I showed this pretty clean 60's Roadmaster Skyrider Deluxe tanklight bike to my nephew, and he likes it.
It appears to be an AMF Roadmaster and in my opinion the bike looks on the less quality built side of the tanklight bikes.
I might pull the trigger on this one for him provided he pays for it. I'm thinking $50-75 is max....he's asking $150
I like bling but not this cheesy. 
Can you imagine having to ride this bike to school or in the neighborhood as a young teenager? Think you'd get a little teasing seeing about this time you weren't cool if you weren't riding a muscle bike.
I'm sure there were many of these hidden in the woods back then and told the parents that it was stolen and hoped dad would relent and get you a cool ape hanger, banana seat bike with a wheelie bar.

I will admit the bike looks to be in amazing OG shape. And the added Radio Shack AM radio is a nice touch. The streamers, mirrors and tool bag would have to go though.


----------



## Bicycle Belle (Aug 24, 2013)

Jd the bike is worth the $150 and I say this because the Archer Road Patrol radio can go anywhere from $30-$80 on ebay. The rest of the bike is in good enough condition to warrant spending the $150 and you can recoup some money by selling the radio. Or you can keep it on the bike knowing you have an accessory worth at least a little bit of money.


----------



## jd56 (Aug 24, 2013)

It could be worth the asking price as it is in amazing OG condition but, it is an AMF bike. The guy has had it for sale with very little interest for a long time. he contacted me after seeing my recent posts on various state's CL labeled "don't throw away you grandfather's bike".
As a tanklight collector, I always pass over these listings due to the AMF denotation.
But, when I first started buying these style bikes I would have been all over it.
The aftermarket radio is a cool item for sure.
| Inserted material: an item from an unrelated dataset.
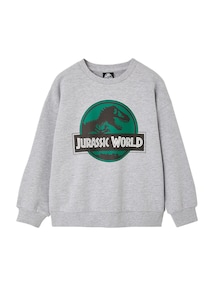 Kinder Sweatshirt JURASSIC WORLD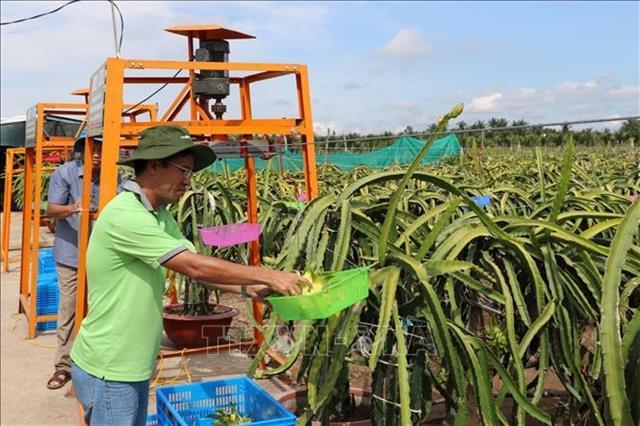 Tiền Giang dragon fruit gradually winning over demanding markets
Got to love the bling.


----------



## Adamtinkerer (Aug 25, 2013)

I wouldn't rate an amf bike any less than a Huffy of the same era, and only a bit under Murray. Looks like around a '70. I have a similar one, except with 1 3/8" rims/tires.


----------



## jd56 (Aug 26, 2013)

Well, it will be posted on the soon to be "Monday....what finds to you get last week" thread. 
Just have to arrange pick up. Probably in 3 weeks...as he has agreed to hold it for me and my nephew.


----------